I've been trying to write something about Ty - but the words aren't coming out right now. Or rather, there are too many words, too many thoughts, too many feelings.
He asked me to write liner notes for A Work of Heart. The album artwork was beautiful; photography by Benji Reid, graphics by JM.
My words were edited for space. Seeing them on the gatefold LP was a special moment for me. Here are the full liner notes:
Ty – A Work of Heart
On album number 5, Mercury-nominated hip-hop artist Ty, celebrates the highs and lows of 20 years as a recording artist. A Work Of Heart is a testament to the independent artist, to staying true to an artistic vision and to the mix of creativity and sheer bloody-mindedness required to stay successful in the midst of comments like “you’re not from the right country, you don’t have the right accent, skin and bone no you’re too fat, don’t have the right skin tone, who produced that?”

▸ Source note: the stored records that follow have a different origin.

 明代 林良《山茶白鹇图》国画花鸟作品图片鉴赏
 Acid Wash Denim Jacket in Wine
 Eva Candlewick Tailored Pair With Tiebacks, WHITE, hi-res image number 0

Following the Workingtro, Ty opens the album on Eyes Open acknowledging that we’re “In a place where sometimes you can’t even interact with the people you know” and implores us to keep our eyes, ears, mind open. In a genre where “keeping it real” is a term used more than demonstrated, Ty resists the pressures to dumb down or to play gangsta: “I’m not from the gutter but I’m from my Mum’s yard” he comments before giving way to Iman Rootz (fka Durrty Goodz).

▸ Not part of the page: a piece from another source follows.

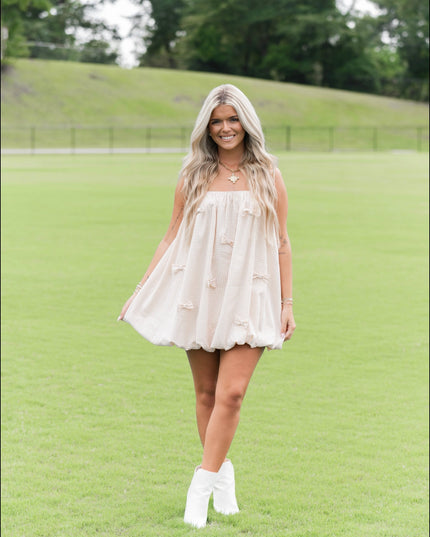 Bow Bubble Mini Dress Gingham - Orange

Somewhere Somehow begins in the live jam, a place where Ty is most at home. From “Ghetto Grammar” in the ‘90s to the hugely successful “The Bridge” jam on the Southbank each summer, Ty is an MC in the truest sense of the word, conducting a crowd, knowing when to raise the energy levels and when to make space for the music to do its thing. “Coming from a tribe popularized by the DJ” he considers what hip-hop means to him and others like him: “It’s kind of spiritual but we don’t need a vicar... How the spirit moves you, some kind of Ju Ju”. Here, as in other joints, Ty plays with creative tension of tradition and innovation as he offers respect to his musical ancestors – Umar Bin Hassan of the legendary The Last Poets guests - but doesn’t wish to merely replicate them: “I don’t follow the code or the Yellow Brick Road”. A pioneer of rap and the Mercury nominated MC are united in their “commitment to communicate or suffer insanity”.
Along with “African made Brixton raised” Mpho, Ty offers an ode to the village that raised them in Brixton Baby. The most locally specific song on the album still manages to joins the dots of the diaspora by echoing Roy Ayer’s “We live in Brooklyn Baby, adding power to the line “The relationship with po po is so so.”
The title track, Work of Heart sees Ty reflecting on what it means to be an MC:
“This is not a game it’s a calling, that’s why I write furiously in the morning”. Whilst he does not shy away from connecting his art with a higher power - “It’s never coincidental it’s divine” – he remains humble and doesn’t claim to have all the answers: “Scribbling to find my own religion”.
The challenge of getting by is the topic of Marathon, where Ty announces, “I bang the drum for many who just rub pennies together”. How to ‘keep the anger in check’ and maintain hope in a society when you’re ‘intending to stay black’ and where ‘the miseducation is key’? Having posed such pressing questions, he offers no pat answers, and the there are only glimmers of hope to be found here. The sound is hip-hop, the mood is blues. The theme of Marathon is extended into the reggae-tinged No Place To Hide. Ty is joined by genre-defying singer Julie Dexter and Jazz Warriors legend Jason Yarde to lament ‘these hard times’ where education cutbacks and police harassment mean there’s “No safe haven for our children”.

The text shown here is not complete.